• [How to complete this task]: Transcribe the lines below exactly. No image belongs in the transcription.

• [Given material]:
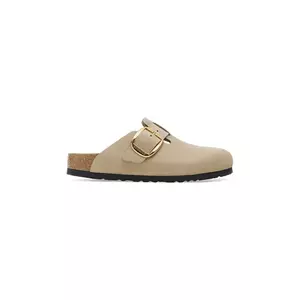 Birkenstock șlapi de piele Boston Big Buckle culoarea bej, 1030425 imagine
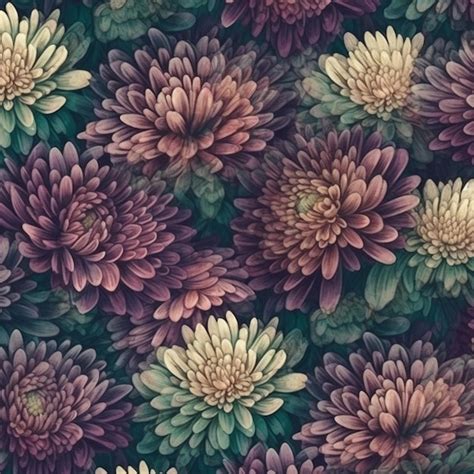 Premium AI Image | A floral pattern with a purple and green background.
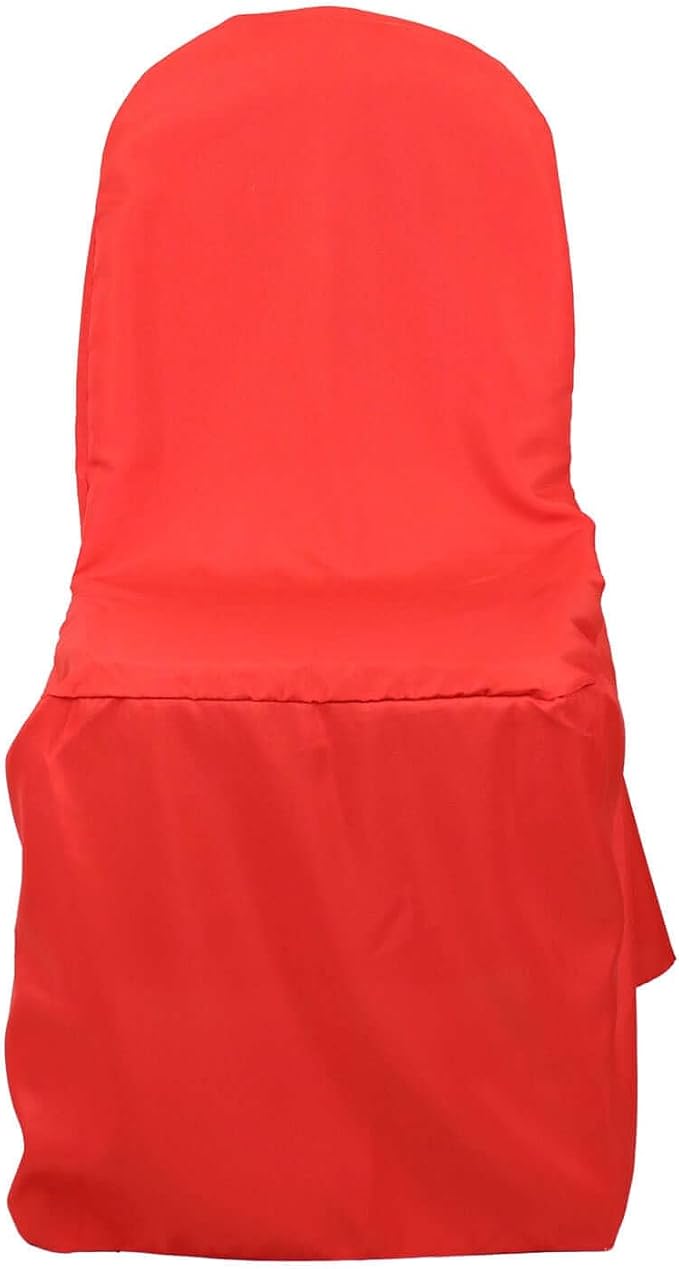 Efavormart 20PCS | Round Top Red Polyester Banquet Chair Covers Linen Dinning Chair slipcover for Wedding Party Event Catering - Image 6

• [Answer to the exercise]:
 Birkenstock șlapi de piele Boston Big Buckle culoarea bej, 1030425 imagine
 Premium AI Image | A floral pattern with a purple and green background.
 Efavormart 20PCS | Round Top Red Polyester Banquet Chair Covers Linen Dinning Chair slipcover for Wedding Party Event Catering - Image 6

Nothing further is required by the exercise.